View mode: basic / threaded / horizontal-split · Log in · Help
May 31, 2013
Slow performance compared to C++, ideas?
Recently I ported a simple ray tracer I wrote in C++11 to D. 
Thanks to the similarity between D and C++ it was almost a line 
by line translation, in other words, very very close. However, 
the D verson runs much slower than the C++11 version. On Windows, 
with MinGW GCC and GDC, the C++ version is twice as fast as the D 
version. On OSX, I used Clang++ and LDC, and the C++11 version 
was 4x faster than D verson.  Since the comparison were between 
compilers that share the same codegen backends I suppose that's a 
relatively fair comparison.  (flags used for GDC: -O3 
-fno-bounds-check -frelease,  flags used for LDC: -O3 -release)

I really like the features offered by D but it's the raw 
performance that's worrying me. From what I read D should offer 
similar performance when doing similar things but my own test 
results is not consistent with this claim. I want to know whether 
this slowness is inherent to the language or it's something I was 
not doing right (very possible because I have only a few days of 
experience with D).

Below is the link to the D and C++ code, in case anyone is 
interested to have a look.

https://dl.dropboxusercontent.com/u/974356/raytracer.d
https://dl.dropboxusercontent.com/u/974356/raytracer.cpp
May 31, 2013
Re: Slow performance compared to C++, ideas?
finalpatch:

> I really like the features offered by D but it's the raw 
> performance that's worrying me.

From my experience if you know what you are doing, you are able 
to write that kind of numerical D code that LDC compiles with a 
performance very close to C++, and sometimes higher. But you need 
to be careful about some things.

Don't do this:
foreach (y; (iota(height)))

Use this, because those abstractions are not for free:
foreach (y;  0 .. height)

Be careful with foreach on arrays of structs, because it perform 
copies that are slow if the structs aren't very small.

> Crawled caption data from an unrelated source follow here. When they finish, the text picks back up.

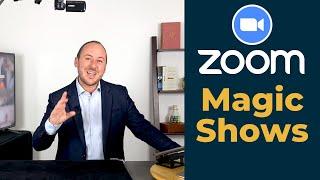 Zoom Magic Shows Behind the Scenes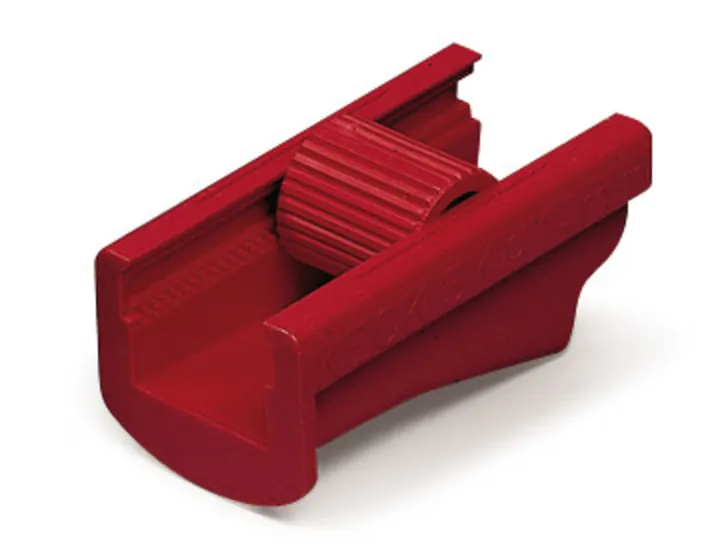 Cleme Rotilabo®-tube, poliester, roșii, pentru furtun de până la Ø 14 mm, 12 bucăți — Carl Roth, cod 1158.1
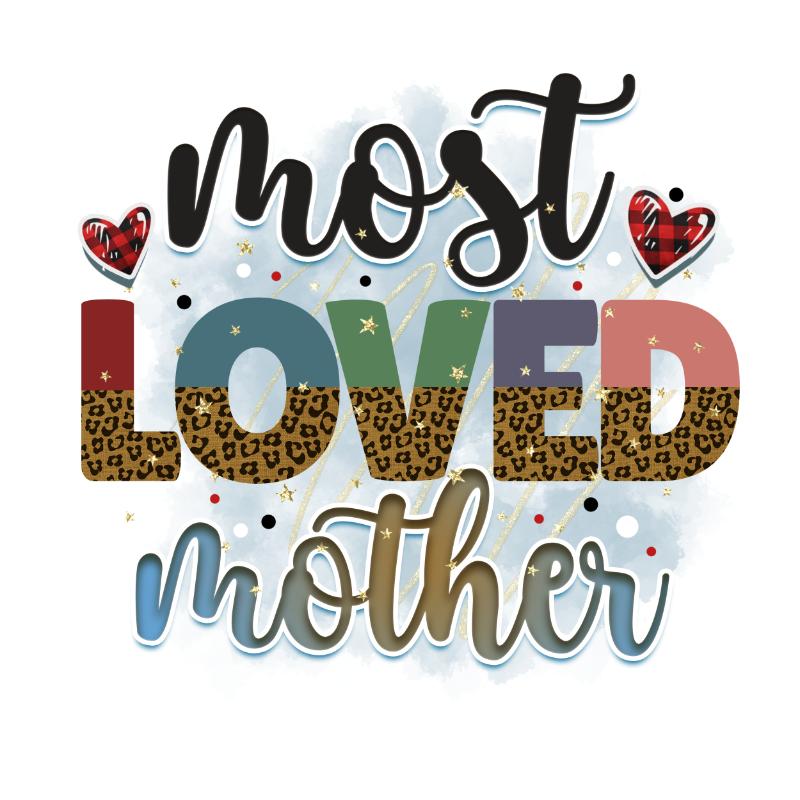 UV DTF decal Stickers cup wraps small decals mom mother mama 1531 for Cup, glass, mugs, phone case, car, computer, furniture decals, DIY stickers UV DTF Transfer stickers wraps DIY Crafts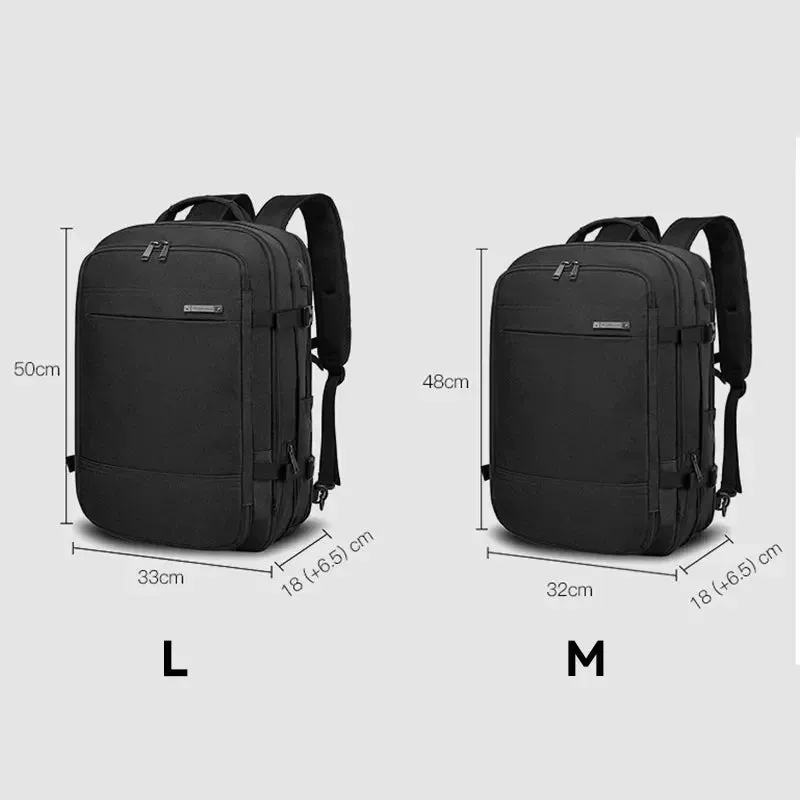 40L Men 17.3 Inch Laptop Backpacks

Be careful with classes, because on default their methods are 
virtual. Sometimes in D you want to use structs for performance 
reasons.

Sometimes in inner loops it's better to use a classic for instead 
of a foreach.

LDC needs far more flags to compile a raytracer well. LDC even 
support link time optimization, but you need even more obscure 
flags.

Also the ending brace of classes and structs doesn't need a 
semicolon in D.

Bye,
bearophile
May 31, 2013
Re: Slow performance compared to C++, ideas?
Hi bearophile,

Thanks for the reply. I changed it to 0..height and it has no 
measurable effect to the runtime.

The reason I used iota(height) was to test 
std.parallelism.parallel. On Windows if I do foreach (y; 
parallel(iota(height))) I do get almost 4x speed up on a quadcore 
computer. However, on OSX, parallel() either does nothing (LDC) 
or makes it slower than single threaded(DMD).

On Friday, 31 May 2013 at 01:42:53 UTC, bearophile wrote:
> Don't do this:
> foreach (y; (iota(height)))
>
> Use this, because those abstractions are not for free:
> foreach (y;  0 .. height)
May 31, 2013
Re: Slow performance compared to C++, ideas?
finalpatch:

> Thanks for the reply. I changed it to 0..height and it has no 
> measurable effect to the runtime.

Have you also fixed all the other things? :-) Probably you have 
to keep fixing potentially slow spots until you find the truly 
slow ones.

Bye,
bearophile
May 31, 2013
Re: Slow performance compared to C++, ideas?
I don't know if this is the case with the code in question (I 
have not looked at it), but sometimes there will be a significant 
effect on performance caused by the use of the garbage collector. 
This is an area in need of radical improvements.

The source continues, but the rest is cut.